Required action: For this exercise, return exactly the lines of the material below that begin at the one with "Beautiful little girl" and stop after the one with "Kid on a boat in a lake".

Material for this task:
%%

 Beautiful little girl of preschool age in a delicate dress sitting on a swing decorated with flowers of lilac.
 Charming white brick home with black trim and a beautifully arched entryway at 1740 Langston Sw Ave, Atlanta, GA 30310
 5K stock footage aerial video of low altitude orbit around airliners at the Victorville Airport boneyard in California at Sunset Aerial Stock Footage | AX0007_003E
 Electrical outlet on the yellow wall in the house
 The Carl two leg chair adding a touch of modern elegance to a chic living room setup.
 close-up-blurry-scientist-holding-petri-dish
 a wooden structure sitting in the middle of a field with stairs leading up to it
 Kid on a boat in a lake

%%
%%

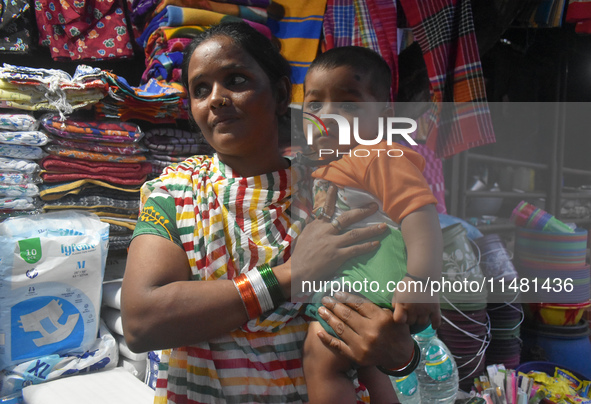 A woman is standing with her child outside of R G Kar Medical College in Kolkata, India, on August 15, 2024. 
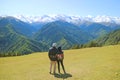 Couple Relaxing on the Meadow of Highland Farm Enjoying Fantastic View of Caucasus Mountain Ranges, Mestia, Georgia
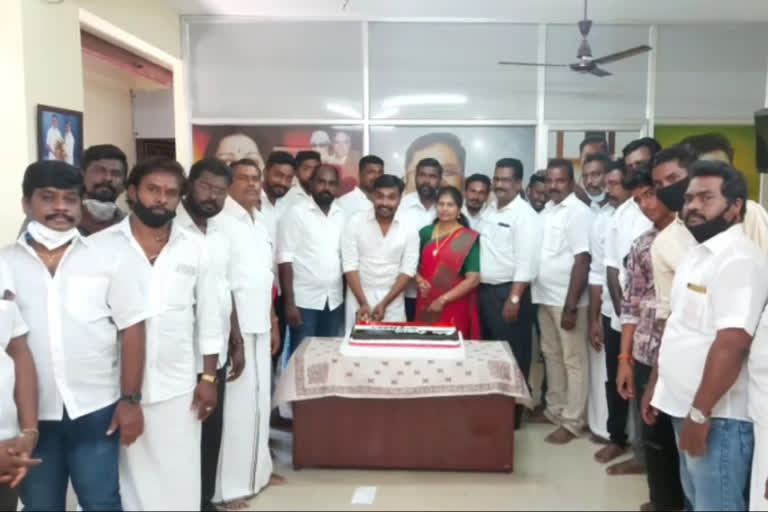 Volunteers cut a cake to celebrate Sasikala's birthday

%%
%%

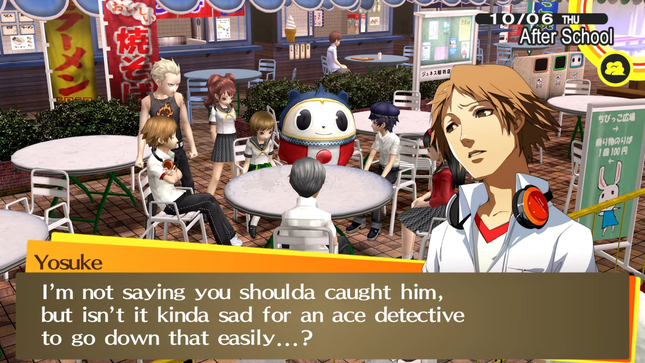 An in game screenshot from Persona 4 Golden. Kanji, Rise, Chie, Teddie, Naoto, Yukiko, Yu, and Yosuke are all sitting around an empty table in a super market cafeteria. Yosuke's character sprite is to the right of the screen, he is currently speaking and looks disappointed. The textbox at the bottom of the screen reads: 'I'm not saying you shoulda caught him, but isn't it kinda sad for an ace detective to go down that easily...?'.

%%

Result of this task:
 Beautiful little girl of preschool age in a delicate dress sitting on a swing decorated with flowers of lilac.
 Charming white brick home with black trim and a beautifully arched entryway at 1740 Langston Sw Ave, Atlanta, GA 30310
 5K stock footage aerial video of low altitude orbit around airliners at the Victorville Airport boneyard in California at Sunset Aerial Stock Footage | AX0007_003E
 Electrical outlet on the yellow wall in the house
 The Carl two leg chair adding a touch of modern elegance to a chic living room setup.
 close-up-blurry-scientist-holding-petri-dish
 a wooden structure sitting in the middle of a field with stairs leading up to it
 Kid on a boat in a lake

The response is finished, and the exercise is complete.